* _EXERCISE GOAL_
Would you write out the entries that follow word for word, omitting any images?

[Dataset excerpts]
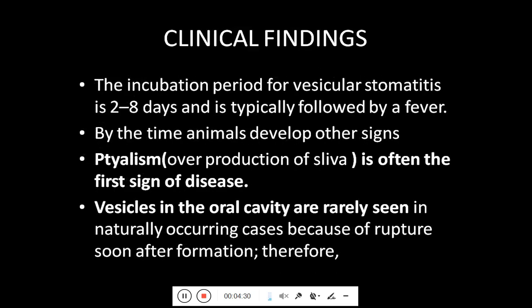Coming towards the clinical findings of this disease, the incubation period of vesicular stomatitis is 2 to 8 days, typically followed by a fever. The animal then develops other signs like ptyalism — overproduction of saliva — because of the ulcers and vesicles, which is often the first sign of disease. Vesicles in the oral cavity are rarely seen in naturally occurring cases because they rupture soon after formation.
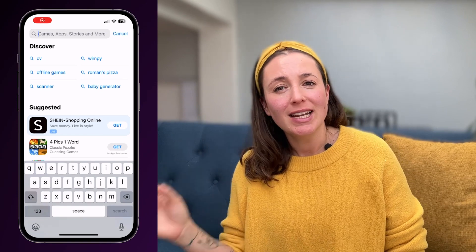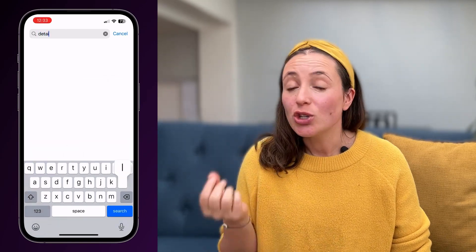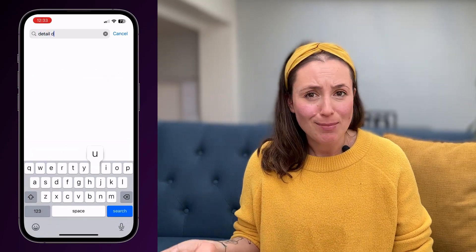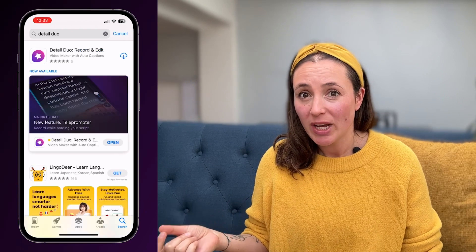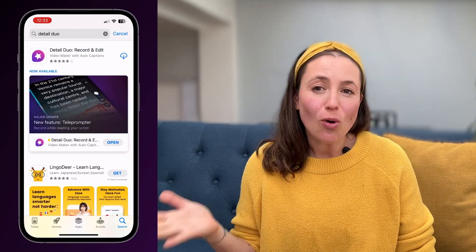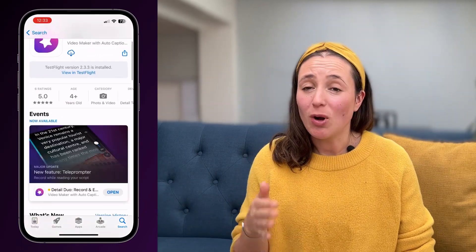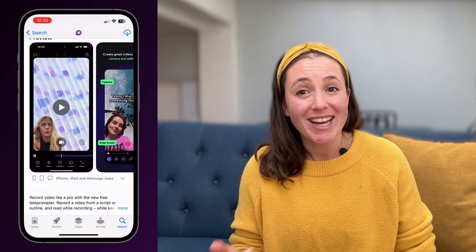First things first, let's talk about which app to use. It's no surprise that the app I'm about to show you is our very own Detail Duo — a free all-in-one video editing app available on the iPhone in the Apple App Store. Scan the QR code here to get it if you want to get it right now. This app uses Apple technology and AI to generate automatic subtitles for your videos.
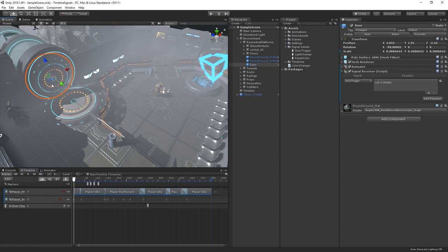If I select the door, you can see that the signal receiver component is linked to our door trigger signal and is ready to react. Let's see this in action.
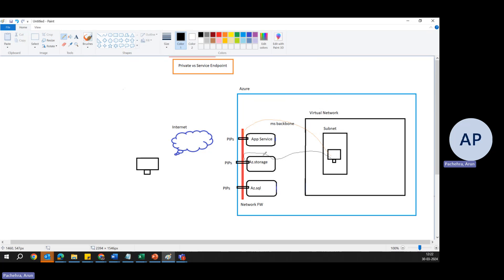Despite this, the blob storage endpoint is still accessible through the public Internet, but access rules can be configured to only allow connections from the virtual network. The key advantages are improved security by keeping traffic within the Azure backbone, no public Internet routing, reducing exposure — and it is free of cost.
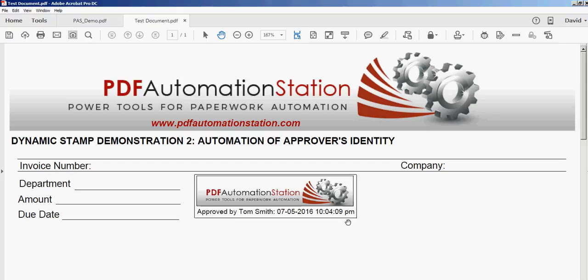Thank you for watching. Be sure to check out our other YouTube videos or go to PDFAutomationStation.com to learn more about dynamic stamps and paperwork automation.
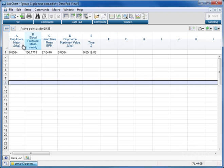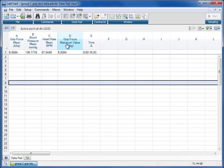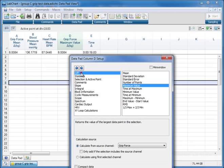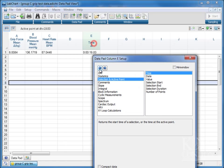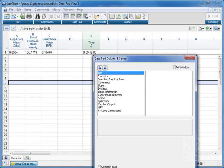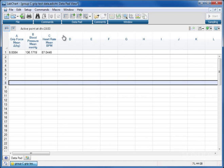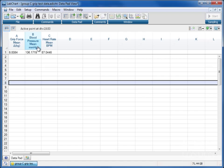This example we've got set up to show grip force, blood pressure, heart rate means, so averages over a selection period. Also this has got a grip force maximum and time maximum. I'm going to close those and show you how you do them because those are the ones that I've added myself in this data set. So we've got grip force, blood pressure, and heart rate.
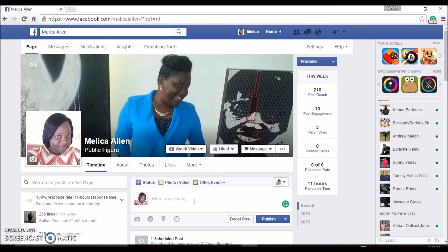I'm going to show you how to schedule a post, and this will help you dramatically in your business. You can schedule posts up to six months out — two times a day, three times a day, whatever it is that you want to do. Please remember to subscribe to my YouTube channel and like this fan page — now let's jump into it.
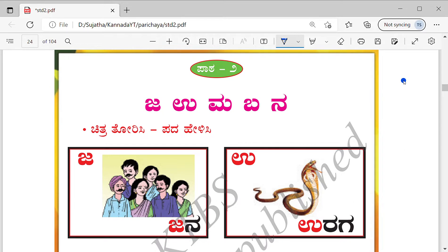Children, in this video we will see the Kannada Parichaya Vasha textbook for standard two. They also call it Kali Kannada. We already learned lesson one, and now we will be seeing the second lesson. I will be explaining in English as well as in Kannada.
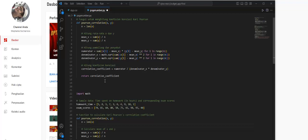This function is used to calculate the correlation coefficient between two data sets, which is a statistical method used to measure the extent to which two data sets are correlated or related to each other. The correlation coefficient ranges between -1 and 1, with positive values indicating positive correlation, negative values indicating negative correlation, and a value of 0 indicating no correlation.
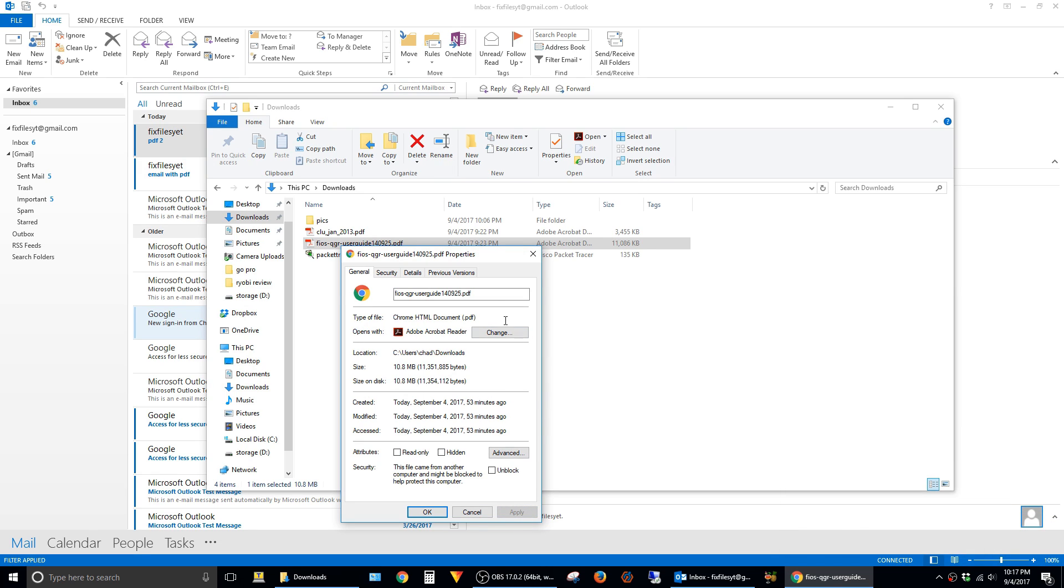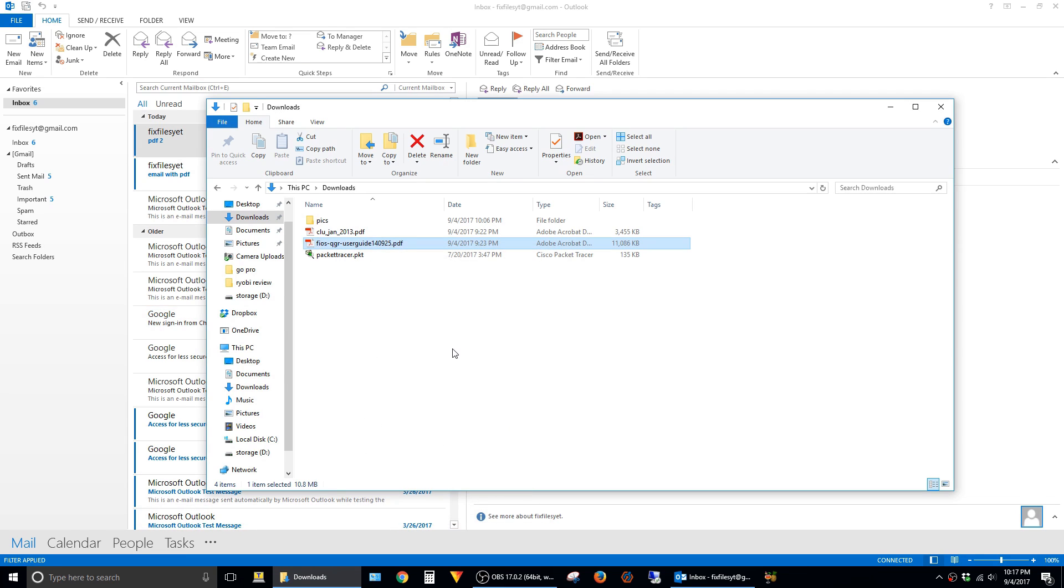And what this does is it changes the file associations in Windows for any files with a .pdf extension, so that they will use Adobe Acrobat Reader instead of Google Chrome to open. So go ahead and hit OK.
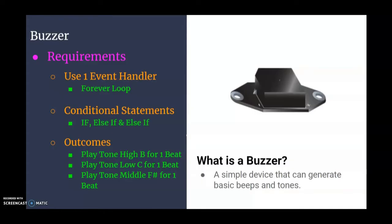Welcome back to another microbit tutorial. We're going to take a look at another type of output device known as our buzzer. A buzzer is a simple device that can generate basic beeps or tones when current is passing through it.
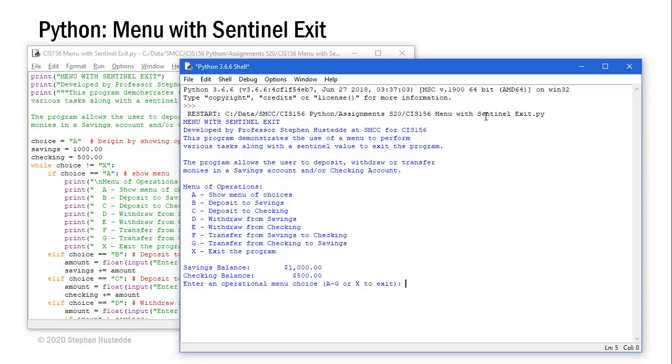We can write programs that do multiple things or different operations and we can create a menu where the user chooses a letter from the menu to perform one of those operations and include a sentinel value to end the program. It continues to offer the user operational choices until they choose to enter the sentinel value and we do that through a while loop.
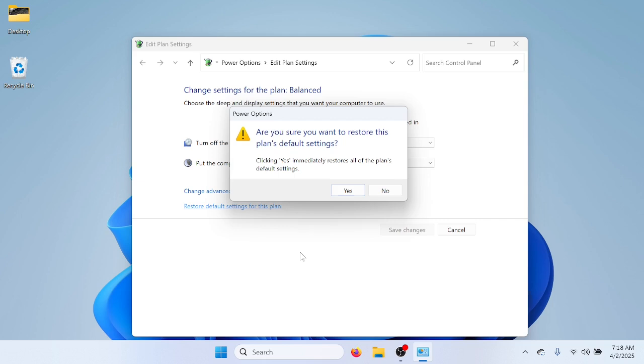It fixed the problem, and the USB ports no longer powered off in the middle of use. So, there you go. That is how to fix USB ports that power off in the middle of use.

* _FINISHED EXERCISE_
Coming towards the clinical findings of this disease, the incubation period of vesicular stomatitis is 2 to 8 days, typically followed by a fever. The animal then develops other signs like ptyalism — overproduction of saliva — because of the ulcers and vesicles, which is often the first sign of disease. Vesicles in the oral cavity are rarely seen in naturally occurring cases because they rupture soon after formation.
First things first, let's talk about which app to use. It's no surprise that the app I'm about to show you is our very own Detail Duo — a free all-in-one video editing app available on the iPhone in the Apple App Store. Scan the QR code here to get it if you want to get it right now. This app uses Apple technology and AI to generate automatic subtitles for your videos.
If I select the door, you can see that the signal receiver component is linked to our door trigger signal and is ready to react. Let's see this in action.
Despite this, the blob storage endpoint is still accessible through the public Internet, but access rules can be configured to only allow connections from the virtual network. The key advantages are improved security by keeping traffic within the Azure backbone, no public Internet routing, reducing exposure — and it is free of cost.
Thank you for watching. Be sure to check out our other YouTube videos or go to PDFAutomationStation.com to learn more about dynamic stamps and paperwork automation.
This example we've got set up to show grip force, blood pressure, heart rate means, so averages over a selection period. Also this has got a grip force maximum and time maximum. I'm going to close those and show you how you do them because those are the ones that I've added myself in this data set. So we've got grip force, blood pressure, and heart rate.
I'm going to show you how to schedule a post, and this will help you dramatically in your business. You can schedule posts up to six months out — two times a day, three times a day, whatever it is that you want to do. Please remember to subscribe to my YouTube channel and like this fan page — now let's jump into it.
Children, in this video we will see the Kannada Parichaya Vasha textbook for standard two. They also call it Kali Kannada. We already learned lesson one, and now we will be seeing the second lesson. I will be explaining in English as well as in Kannada.
This function is used to calculate the correlation coefficient between two data sets, which is a statistical method used to measure the extent to which two data sets are correlated or related to each other. The correlation coefficient ranges between -1 and 1, with positive values indicating positive correlation, negative values indicating negative correlation, and a value of 0 indicating no correlation.
And what this does is it changes the file associations in Windows for any files with a .pdf extension, so that they will use Adobe Acrobat Reader instead of Google Chrome to open. So go ahead and hit OK.
Welcome back to another microbit tutorial. We're going to take a look at another type of output device known as our buzzer. A buzzer is a simple device that can generate basic beeps or tones when current is passing through it.
We can write programs that do multiple things or different operations and we can create a menu where the user chooses a letter from the menu to perform one of those operations and include a sentinel value to end the program. It continues to offer the user operational choices until they choose to enter the sentinel value and we do that through a while loop.
It fixed the problem, and the USB ports no longer powered off in the middle of use. So, there you go. That is how to fix USB ports that power off in the middle of use.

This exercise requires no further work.